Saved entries
Content starts

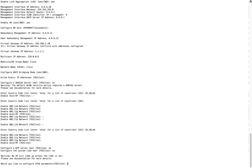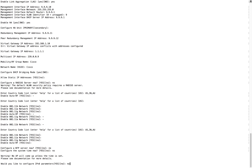The next question is IPv6 parameters. If you are planning to use the controller in dual-stack mode, you can configure IPv6 here; otherwise you can skip it. After this, these are the last questions you normally get from the configuration wizard.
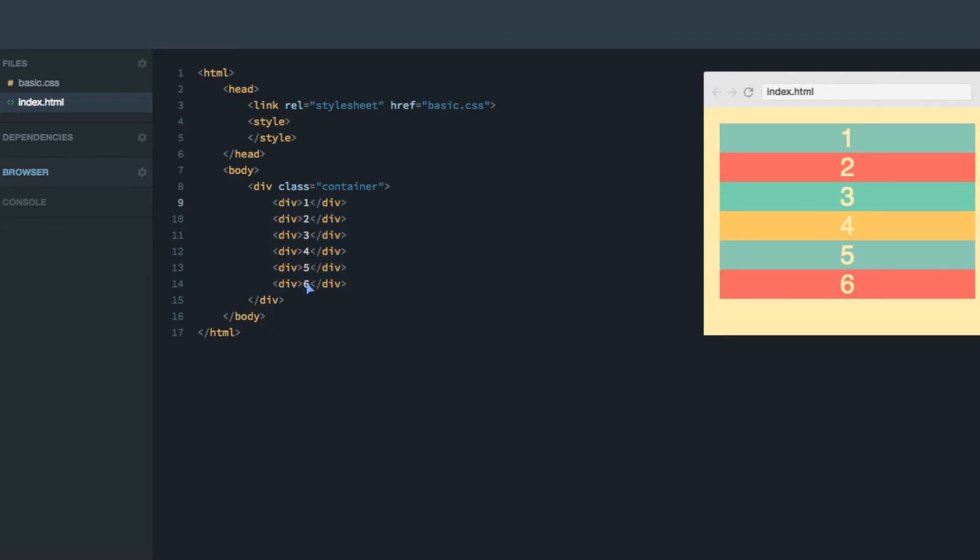Now, without any grid layout, this results in six divs stacked on top of each other. I've also given them a little bit of styling, but that has nothing to do with the grid layout itself.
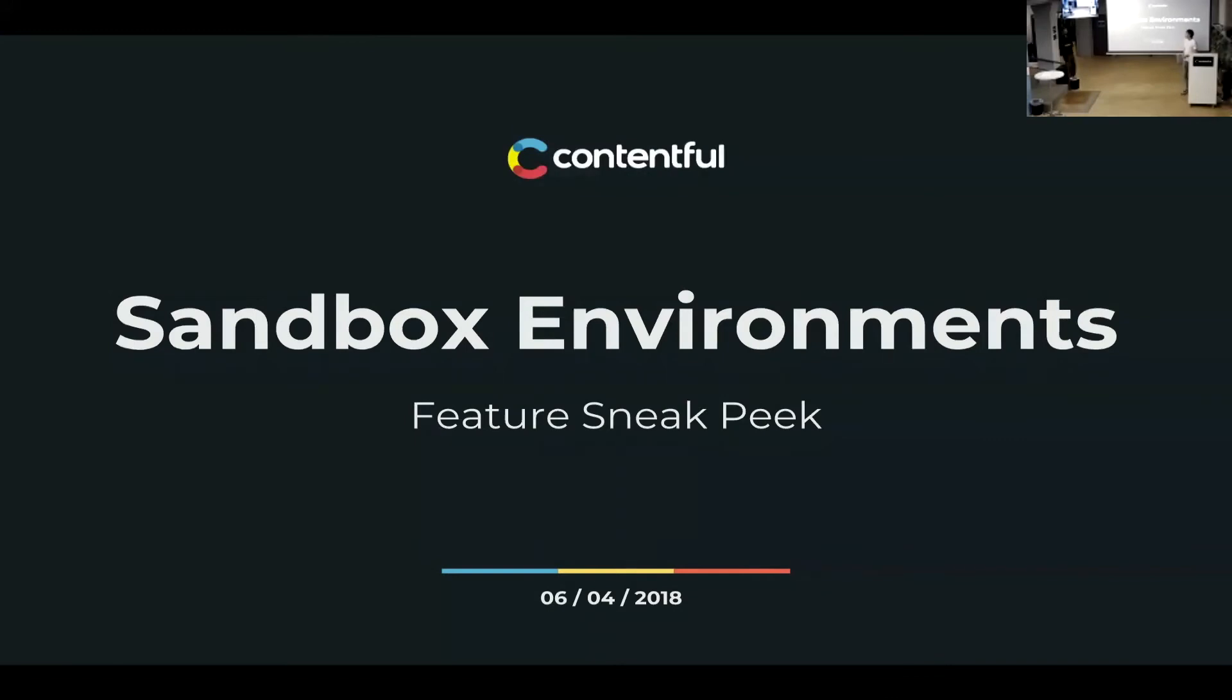So welcome to the second talk. It's about a new feature called Sandbox Environments, and it's a feature me and my team built. I'm going to give you a sneak peek.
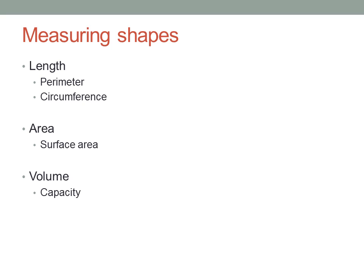And just because circles are different, the perimeter of a circle has a special name: the circumference.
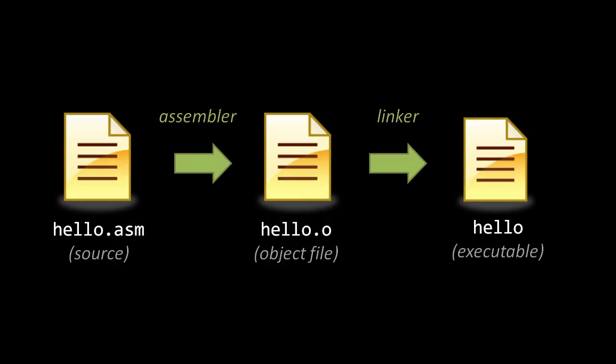In any case, let's say our source code is written in a file called hello.asm. When we run this file through the assembler, what we get out is not an executable file, but rather what's called an object file.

Content ends

▶ [ABOUT THIS TASK]:
Where the line containing "So welcome to" appears in the data above, begin there and output every line through the last, exactly and without pictures.

▶ [ANSWER SPACE]:
So welcome to the second talk. It's about a new feature called Sandbox Environments, and it's a feature me and my team built. I'm going to give you a sneak peek.
And just because circles are different, the perimeter of a circle has a special name: the circumference.
In any case, let's say our source code is written in a file called hello.asm. When we run this file through the assembler, what we get out is not an executable file, but rather what's called an object file.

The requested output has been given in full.